O governo brasileiro divulgou uma resposta oficial ao artigo do “New York Times” uma semana depois da sua publicação, e em discurso oficial do presidente Lula. "O mundo precisa entender que a Amazônia brasileira tem dono, e o dono é o povo brasileiro. São seringueiros, pescadores e nós que somos brasileiros", disse Lula na abertura do 20º Fórum Nacional, na sede do BNDES, no Rio de Janeiro .
Preocupação saudável
Por mais que haja a visão norte-americana de que os brasileiros são paranoicos, nem todos os pesquisadores acham exagerada a preocupação do país com a proteção do seu território na Amazônia. Colin MacLachlan, especialista no Brasil formado na Universidade da Califórnia em Los Angeles, faz referência ao assunto. MacLachlan alega que a preocupação brasileira em ter respeito internacional não é exagerada por conta da gigantesca proporção do território e do enorme trabalho para garantir a soberania sobre ele. A afirmação faz parte do livro "A History of Modern Brazil: The Past Against the Future" (Uma história do Brasil moderno: O passado contra o futuro), lançado em 2003. O combate ao tráfico de drogas na Colômbia, diz o livro, com ajuda norte-americana, coloca em risco o território brasileiro, para onde poderiam fugir os produtores que ficam na fronteira norte do país. Isso levaria a guerrilha para o território brasileiro e deixaria ainda mais clara a noção de fraqueza no controle da região.
"A fronteira por terra do Brasil tem 16.503 km e passa por todos os países sul-americanos exceto Chile e Equador. A fronteira amazônica (11 mil km) parece a mais vulnerável. Pouco populosa e fracamente ligada ao sul, a região historicamente se definiu de forma diferente do resto do Brasil pela comunidade internacional. Seu impacto exótico nos primeiros exploradores europeus nunca desapareceu”, diz. Segundo ele, mudanças nas definições do que constitui motivo para guerra ou intervenção na era pós Guerra Fria tornou difícil medir a reação internacional.
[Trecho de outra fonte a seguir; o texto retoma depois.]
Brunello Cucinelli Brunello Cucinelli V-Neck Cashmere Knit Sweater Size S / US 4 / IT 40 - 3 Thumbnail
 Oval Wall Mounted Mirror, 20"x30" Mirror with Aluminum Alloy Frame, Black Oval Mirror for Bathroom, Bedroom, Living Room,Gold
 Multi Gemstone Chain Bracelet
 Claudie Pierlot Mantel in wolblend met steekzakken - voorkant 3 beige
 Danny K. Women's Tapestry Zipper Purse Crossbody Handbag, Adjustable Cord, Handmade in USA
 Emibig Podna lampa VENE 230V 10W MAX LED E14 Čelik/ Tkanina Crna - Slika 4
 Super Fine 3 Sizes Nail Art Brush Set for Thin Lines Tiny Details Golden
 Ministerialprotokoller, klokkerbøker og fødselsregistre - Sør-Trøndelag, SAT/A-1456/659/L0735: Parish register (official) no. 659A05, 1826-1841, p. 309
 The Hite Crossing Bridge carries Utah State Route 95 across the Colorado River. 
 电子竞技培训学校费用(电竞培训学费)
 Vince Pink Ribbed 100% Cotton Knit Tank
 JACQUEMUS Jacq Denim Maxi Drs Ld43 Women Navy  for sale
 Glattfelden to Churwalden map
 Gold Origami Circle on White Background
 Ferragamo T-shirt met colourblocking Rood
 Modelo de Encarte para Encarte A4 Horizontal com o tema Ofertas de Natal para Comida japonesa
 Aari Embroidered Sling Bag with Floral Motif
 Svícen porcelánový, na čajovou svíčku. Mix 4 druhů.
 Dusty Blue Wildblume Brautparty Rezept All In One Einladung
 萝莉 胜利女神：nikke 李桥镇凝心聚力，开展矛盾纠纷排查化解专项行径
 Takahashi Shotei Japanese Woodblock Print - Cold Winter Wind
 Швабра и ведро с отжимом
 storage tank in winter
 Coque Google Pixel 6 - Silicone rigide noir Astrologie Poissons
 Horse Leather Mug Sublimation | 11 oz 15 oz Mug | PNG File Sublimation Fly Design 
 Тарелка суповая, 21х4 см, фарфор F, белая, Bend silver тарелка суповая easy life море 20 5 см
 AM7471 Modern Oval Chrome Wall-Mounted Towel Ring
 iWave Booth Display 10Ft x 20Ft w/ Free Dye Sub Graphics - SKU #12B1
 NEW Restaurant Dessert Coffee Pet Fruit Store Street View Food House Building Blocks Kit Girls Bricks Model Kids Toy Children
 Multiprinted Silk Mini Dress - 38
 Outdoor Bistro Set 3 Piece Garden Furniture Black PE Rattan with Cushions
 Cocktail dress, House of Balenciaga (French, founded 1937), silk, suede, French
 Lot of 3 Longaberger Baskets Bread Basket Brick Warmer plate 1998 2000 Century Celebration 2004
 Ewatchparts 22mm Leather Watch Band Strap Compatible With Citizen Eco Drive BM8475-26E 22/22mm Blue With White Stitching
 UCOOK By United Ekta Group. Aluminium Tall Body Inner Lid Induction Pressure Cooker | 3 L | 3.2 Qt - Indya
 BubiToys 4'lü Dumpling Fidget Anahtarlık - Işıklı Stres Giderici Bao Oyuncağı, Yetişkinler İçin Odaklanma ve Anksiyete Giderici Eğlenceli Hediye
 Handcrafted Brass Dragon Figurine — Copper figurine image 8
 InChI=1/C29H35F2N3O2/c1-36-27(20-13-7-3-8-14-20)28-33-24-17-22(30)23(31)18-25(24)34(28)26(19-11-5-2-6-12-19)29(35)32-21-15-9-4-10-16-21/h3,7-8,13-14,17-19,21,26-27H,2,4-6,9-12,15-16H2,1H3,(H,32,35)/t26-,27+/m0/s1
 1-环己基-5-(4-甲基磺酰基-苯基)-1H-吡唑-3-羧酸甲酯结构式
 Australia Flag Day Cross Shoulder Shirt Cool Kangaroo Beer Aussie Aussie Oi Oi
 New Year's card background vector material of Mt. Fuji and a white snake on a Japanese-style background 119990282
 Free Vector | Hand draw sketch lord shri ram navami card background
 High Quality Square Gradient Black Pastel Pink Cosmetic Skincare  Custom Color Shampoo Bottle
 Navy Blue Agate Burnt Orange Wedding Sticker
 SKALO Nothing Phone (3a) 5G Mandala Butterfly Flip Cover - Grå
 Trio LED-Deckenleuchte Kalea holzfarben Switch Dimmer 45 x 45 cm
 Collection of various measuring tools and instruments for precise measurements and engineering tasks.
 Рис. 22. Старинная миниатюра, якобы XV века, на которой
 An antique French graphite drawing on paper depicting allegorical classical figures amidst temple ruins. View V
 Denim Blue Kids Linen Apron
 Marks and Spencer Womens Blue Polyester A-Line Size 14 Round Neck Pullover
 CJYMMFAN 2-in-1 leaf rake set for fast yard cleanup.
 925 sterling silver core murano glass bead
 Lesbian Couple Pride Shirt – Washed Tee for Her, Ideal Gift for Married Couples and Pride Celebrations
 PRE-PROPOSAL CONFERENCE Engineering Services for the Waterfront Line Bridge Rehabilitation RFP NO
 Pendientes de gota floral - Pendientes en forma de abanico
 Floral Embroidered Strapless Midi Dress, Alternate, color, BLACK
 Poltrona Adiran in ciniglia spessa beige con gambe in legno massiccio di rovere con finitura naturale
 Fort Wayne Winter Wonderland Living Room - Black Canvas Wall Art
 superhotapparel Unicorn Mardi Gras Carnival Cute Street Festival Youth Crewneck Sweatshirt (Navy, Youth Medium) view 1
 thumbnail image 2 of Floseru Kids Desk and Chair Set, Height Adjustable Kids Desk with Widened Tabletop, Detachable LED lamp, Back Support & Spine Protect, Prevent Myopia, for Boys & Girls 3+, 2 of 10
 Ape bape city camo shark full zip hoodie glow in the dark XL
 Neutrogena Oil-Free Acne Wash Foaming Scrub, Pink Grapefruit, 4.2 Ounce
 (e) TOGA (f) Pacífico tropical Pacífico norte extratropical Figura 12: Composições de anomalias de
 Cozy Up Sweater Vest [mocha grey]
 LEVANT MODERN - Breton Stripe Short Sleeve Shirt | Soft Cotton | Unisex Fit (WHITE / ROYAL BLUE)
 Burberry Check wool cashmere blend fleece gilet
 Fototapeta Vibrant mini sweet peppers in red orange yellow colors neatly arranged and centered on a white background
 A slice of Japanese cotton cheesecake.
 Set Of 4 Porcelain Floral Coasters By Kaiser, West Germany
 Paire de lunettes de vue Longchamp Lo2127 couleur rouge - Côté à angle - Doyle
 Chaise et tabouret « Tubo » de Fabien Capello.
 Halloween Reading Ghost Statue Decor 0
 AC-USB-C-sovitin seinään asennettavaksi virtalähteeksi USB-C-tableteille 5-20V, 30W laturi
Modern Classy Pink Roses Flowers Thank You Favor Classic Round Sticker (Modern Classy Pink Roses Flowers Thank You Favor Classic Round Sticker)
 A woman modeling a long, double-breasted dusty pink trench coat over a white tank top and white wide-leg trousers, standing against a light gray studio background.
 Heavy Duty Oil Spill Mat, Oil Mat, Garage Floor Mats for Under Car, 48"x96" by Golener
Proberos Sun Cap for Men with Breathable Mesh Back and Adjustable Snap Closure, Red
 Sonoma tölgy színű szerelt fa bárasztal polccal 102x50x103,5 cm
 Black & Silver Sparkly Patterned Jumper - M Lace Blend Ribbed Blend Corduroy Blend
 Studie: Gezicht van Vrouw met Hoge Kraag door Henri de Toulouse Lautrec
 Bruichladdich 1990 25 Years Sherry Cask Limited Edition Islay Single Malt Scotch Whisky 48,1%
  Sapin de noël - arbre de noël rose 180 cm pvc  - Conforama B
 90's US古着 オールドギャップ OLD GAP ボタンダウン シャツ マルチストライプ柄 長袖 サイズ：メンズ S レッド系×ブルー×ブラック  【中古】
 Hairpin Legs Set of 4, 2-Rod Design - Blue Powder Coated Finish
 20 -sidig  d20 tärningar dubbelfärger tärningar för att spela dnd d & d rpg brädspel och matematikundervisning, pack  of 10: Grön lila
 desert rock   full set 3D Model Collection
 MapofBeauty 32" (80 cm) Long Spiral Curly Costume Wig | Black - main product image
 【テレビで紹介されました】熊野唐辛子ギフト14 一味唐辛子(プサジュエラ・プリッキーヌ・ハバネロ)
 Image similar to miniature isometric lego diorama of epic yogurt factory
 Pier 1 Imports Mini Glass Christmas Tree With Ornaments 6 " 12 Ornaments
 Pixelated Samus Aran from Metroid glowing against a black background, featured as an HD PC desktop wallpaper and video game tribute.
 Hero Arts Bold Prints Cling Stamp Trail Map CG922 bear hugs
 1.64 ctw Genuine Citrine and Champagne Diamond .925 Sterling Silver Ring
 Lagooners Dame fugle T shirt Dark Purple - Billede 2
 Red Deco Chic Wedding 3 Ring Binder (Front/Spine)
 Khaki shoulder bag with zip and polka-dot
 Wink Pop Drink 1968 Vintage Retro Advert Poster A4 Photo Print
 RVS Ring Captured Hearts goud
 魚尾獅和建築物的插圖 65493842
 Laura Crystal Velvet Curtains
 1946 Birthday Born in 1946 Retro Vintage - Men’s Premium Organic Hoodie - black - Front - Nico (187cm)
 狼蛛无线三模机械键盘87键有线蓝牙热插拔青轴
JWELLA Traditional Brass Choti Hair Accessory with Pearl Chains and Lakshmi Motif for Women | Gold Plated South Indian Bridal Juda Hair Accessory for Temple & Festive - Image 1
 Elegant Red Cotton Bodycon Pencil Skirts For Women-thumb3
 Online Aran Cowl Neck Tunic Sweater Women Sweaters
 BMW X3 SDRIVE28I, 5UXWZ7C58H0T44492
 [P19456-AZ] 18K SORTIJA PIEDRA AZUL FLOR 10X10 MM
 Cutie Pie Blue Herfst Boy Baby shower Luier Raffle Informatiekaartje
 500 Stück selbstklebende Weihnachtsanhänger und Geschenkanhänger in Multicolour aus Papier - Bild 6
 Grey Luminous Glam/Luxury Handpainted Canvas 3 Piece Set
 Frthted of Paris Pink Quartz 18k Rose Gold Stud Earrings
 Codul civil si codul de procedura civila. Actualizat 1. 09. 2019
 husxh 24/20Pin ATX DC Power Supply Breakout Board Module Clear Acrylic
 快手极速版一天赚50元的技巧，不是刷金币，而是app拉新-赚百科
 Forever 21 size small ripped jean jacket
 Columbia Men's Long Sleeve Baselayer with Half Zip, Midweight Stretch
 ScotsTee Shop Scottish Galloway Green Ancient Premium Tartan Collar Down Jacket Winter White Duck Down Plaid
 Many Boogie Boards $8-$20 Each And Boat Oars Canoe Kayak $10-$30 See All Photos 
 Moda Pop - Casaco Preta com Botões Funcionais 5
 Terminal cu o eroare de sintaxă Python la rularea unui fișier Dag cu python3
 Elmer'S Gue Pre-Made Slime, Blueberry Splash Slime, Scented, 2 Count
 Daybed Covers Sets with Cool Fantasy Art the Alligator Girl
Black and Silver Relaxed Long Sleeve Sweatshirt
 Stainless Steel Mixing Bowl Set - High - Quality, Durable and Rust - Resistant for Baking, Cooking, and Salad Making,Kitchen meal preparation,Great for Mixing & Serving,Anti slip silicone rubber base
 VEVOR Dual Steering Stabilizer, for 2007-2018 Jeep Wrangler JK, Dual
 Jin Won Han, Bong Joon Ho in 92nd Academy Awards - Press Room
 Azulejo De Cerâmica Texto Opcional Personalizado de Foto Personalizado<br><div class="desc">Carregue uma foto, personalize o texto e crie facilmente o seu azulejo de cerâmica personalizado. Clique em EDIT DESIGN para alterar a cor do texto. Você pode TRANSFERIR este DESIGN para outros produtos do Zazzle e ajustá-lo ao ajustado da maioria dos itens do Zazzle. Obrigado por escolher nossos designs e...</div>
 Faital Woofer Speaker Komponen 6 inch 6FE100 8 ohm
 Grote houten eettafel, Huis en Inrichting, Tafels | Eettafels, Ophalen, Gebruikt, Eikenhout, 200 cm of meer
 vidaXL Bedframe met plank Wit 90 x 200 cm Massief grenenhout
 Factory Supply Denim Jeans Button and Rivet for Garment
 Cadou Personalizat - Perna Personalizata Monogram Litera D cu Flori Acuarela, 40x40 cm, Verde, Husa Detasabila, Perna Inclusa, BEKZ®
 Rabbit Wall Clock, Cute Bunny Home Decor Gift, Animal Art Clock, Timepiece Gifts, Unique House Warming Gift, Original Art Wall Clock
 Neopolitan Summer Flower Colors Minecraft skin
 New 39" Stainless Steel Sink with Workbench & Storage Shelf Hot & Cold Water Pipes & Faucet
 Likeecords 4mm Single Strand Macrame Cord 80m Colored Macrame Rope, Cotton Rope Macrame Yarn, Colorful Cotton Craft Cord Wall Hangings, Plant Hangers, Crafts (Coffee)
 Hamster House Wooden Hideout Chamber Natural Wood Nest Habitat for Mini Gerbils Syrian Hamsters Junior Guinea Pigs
Ações e situação que anteriormente poderiam ser consideradas questões internas agora têm potencial de se transformar em problemas transnacionais.
Nas circunstâncias atuais, concordo que é impossível uma intervenção na Amazônia. Mas não podemos prever o futuro e não sabemos como o mundo vai reagir em caso de um problema mais serio na região no futuro."
Daniel Zirker, cientista político
Um pesquisador americano que defende o direito brasileiro de se preparar para evitar qualquer tipo de problema em relação à soberania da Amazônia é Daniel Zirker, diretor da faculdade de Artes e Ciências Sociais e professor de Ciência Política da Universidade de Waikato, na Nova Zelândia, Daniel Zirker serviu no Corpo de Paz dos Estados Unidos no Nordeste do Brasil no início dos anos 1970. Ele concedeu entrevista por telefone, desde a Nova Zelândia. Segundo ele, não é possível prever uma ação dos EUA no Brasil, não há motivos para isso, mas os brasileiros, especialmente entre os militares, têm razões para se sentirem ameaçados.
Após atuar como diretor de estudos ambientais da universidade Estadual de Montana, entre 2002 e 2003, e como presidente do comitê de pesquisas sobre as forças armadas da Associação de Ciência Política Internacional, Zirker se consolidou como um dos mais importantes pesquisadores das relações político militares entre Brasil e Estados Unidos, levando em consideração especialmente a questão da soberania brasileira da Amazônia e os riscos de uma intervenção internacional na floresta. "Nas circunstâncias atuais, concordo que é impossível uma intervenção na Amazônia. Mas não podemos prever o futuro e não sabemos como o mundo vai reagir em caso de um problema mais serio na região no futuro. Hoje não vejo nenhuma razão para os EUA invadirem uma área da Amazônia. Ao mesmo tempo, muitos europeus e americanos declararam sua preocupação que a Amazônia seja cuidada”.